**What is being asked:** Set the pictures aside and set down only the lines from the line holding "Sport women doing" through the end of the entries below, ends included.

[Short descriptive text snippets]
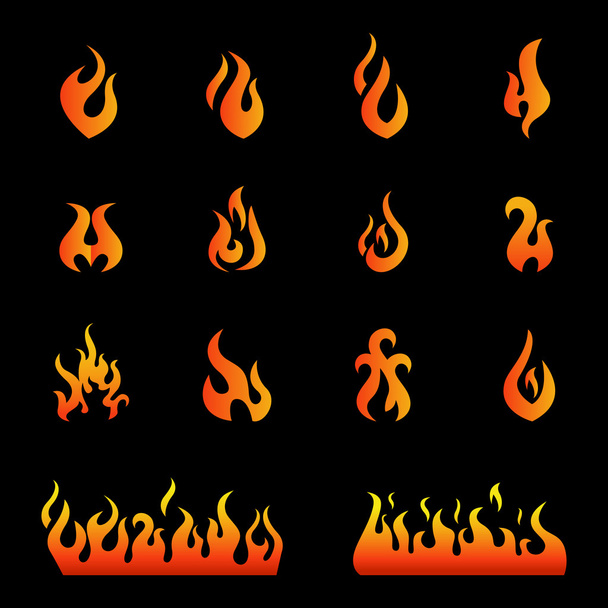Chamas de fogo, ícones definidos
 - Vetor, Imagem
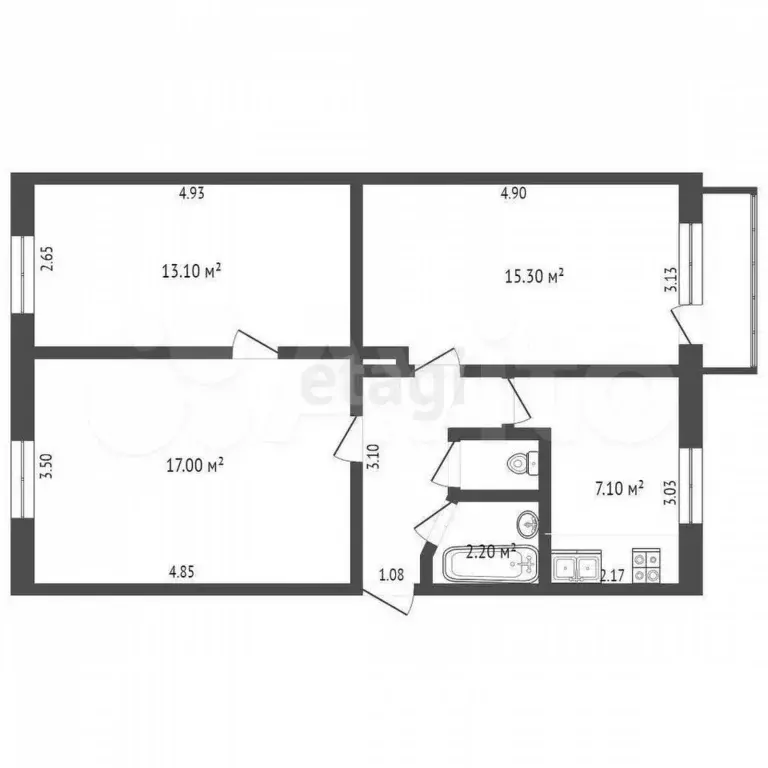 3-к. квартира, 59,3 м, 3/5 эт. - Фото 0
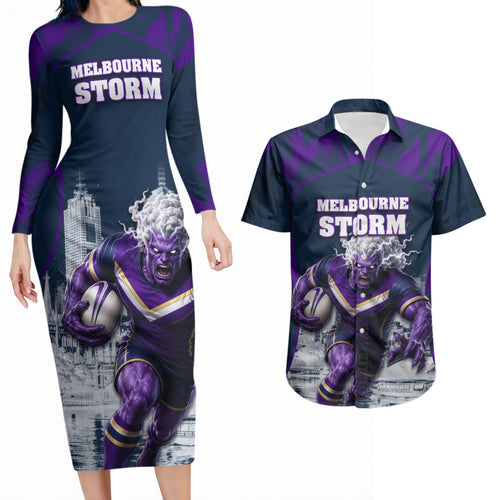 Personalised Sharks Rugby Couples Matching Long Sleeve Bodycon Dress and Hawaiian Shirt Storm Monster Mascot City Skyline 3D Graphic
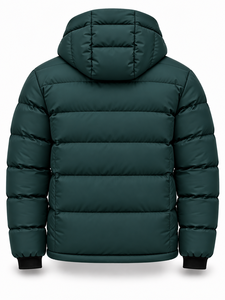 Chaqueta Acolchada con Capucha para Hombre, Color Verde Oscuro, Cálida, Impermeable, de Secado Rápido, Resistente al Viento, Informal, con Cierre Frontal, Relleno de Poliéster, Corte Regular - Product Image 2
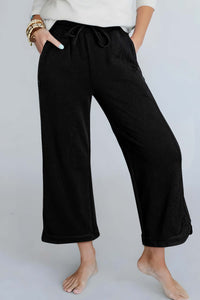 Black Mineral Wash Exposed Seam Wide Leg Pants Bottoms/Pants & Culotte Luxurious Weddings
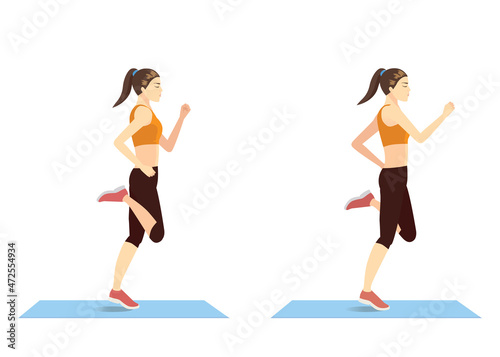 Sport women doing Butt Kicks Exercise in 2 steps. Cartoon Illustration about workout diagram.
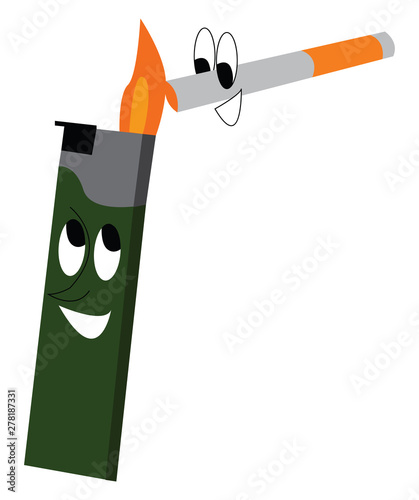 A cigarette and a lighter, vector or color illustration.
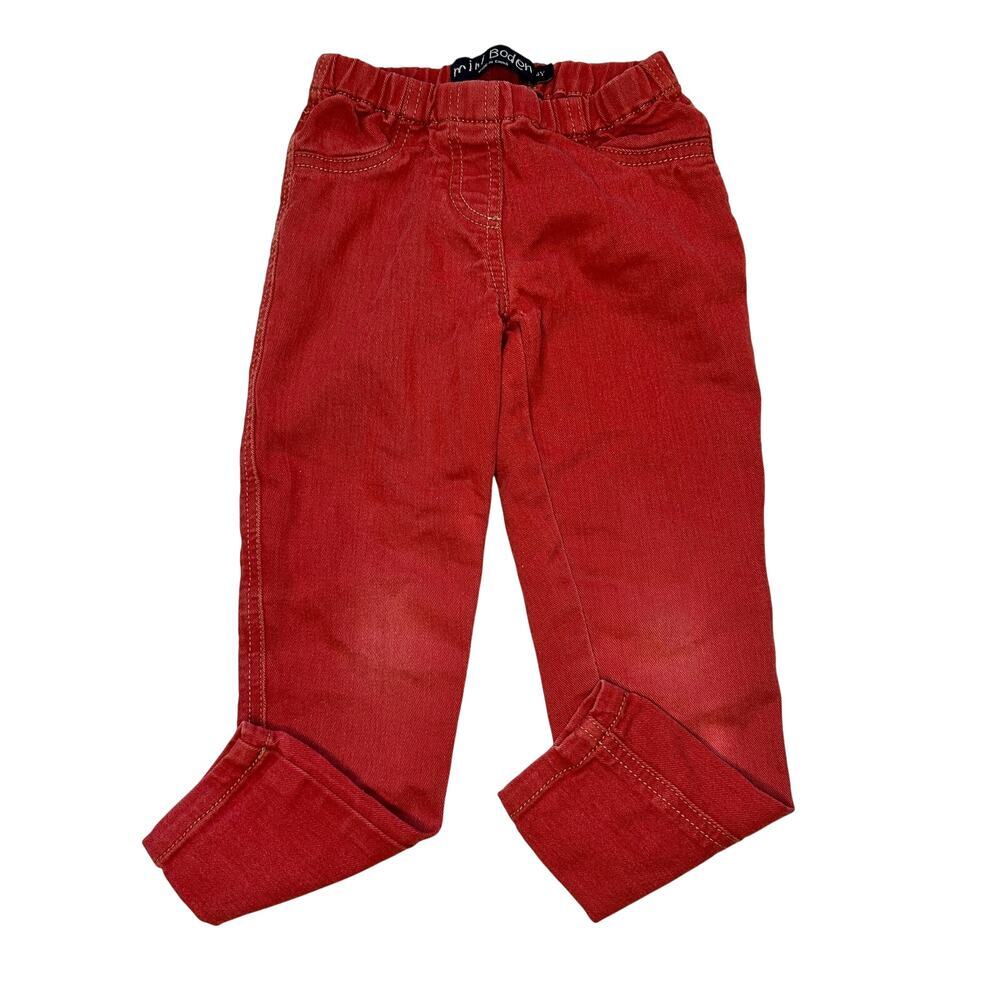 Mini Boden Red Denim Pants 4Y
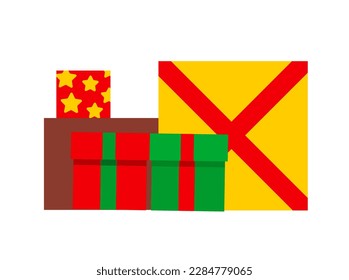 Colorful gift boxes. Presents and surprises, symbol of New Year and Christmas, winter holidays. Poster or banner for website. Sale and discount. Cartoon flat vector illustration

**Exercise solution:**
 Sport women doing Butt Kicks Exercise in 2 steps. Cartoon Illustration about workout diagram.
 A cigarette and a lighter, vector or color illustration.
 Mini Boden Red Denim Pants 4Y
 Colorful gift boxes. Presents and surprises, symbol of New Year and Christmas, winter holidays. Poster or banner for website. Sale and discount. Cartoon flat vector illustration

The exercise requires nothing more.